All The Birds In The
Sky comes with a gold-star pedigree. Universally, our book club looked
forward to reading it because of our longstanding respect for Charlie Jane
Anders’ work as a science fiction
Image via Amazon.ca |
While this book — Anders’ first novel — shows
promise, it ultimately did not live up to our expectations.
As with many journalists who turn their quills to novel
writing, Anders’ fist attempt at long-form writing seems to be an aggregation
of vignettes. The prose is more than competent in places, but the structure is
uneven, the pace is off-putting and the dialogue left us wondering about the
intended audience.
Written with knowledge of the genre
That being said, Anders’ long-time involvement in fandom and
knowledge of the genre shine through.
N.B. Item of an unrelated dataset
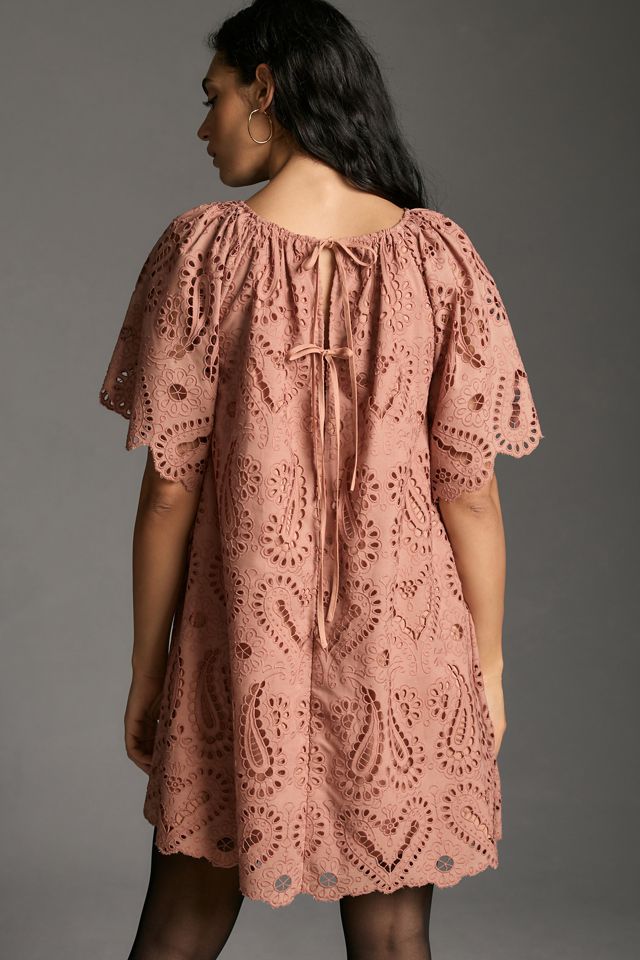 English Factory Short-Sleeve Eyelet Shift Mini Dress | Anthropologie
Members of our book club praised the
magic system she created and the odd applications of scientific technology
— particularly the university-based A.I. that is trying to help people
find romantic partners.
Many of these ideas may be worthy of development into
standalone short stories — a format that Anders has shown skill with in
the past (We would particularly highlight her first-rate story The Fermi Paradox Is My Business Model).
Charlie Jane Anders (Image via Wikipedia) |
As noted in a previous blog post, our group has a preference
for books that have a beginning, middle and end and are self-contained. This
book’s large-scale structure — childhood, divergence, conflict, apocalypse
— works, and it’s good to see at least one nominated book that fulfills a
single large narrative arc.
Uneven pacing
But the pacing of this arc is choppy and characters
disappear and reappear suddenly and without explanation. The assassin — one of
the more interesting characters in the book — disappears for long
stretches without cause and, when he is written in, seems to act without clear
motives.
The book’s exploration of societal dichotomy between nature-based
neo-pagan beliefs and technophilia spurred some lively debate in our group.
Given our appreciation for much of Anders’ previous work as
a journalist and short stories, many of us are looking forward to her
subsequent works. However, this book was not at the top of any of our Hugo
ballots.
As the group outlier, I wanted to add that I thought of the book as an allusion to climate change and how a small human action could have helped early in the book but because she (we) didn't understand what was needed or believe anything was needed nothing was done until it was too late. (This theme fell apart a bit at the end as the human answer was not an answer and the majority of the 'fix' was back to the science as savior technophilia which was against the book's main portrayal of science as either dangerous or vapid.)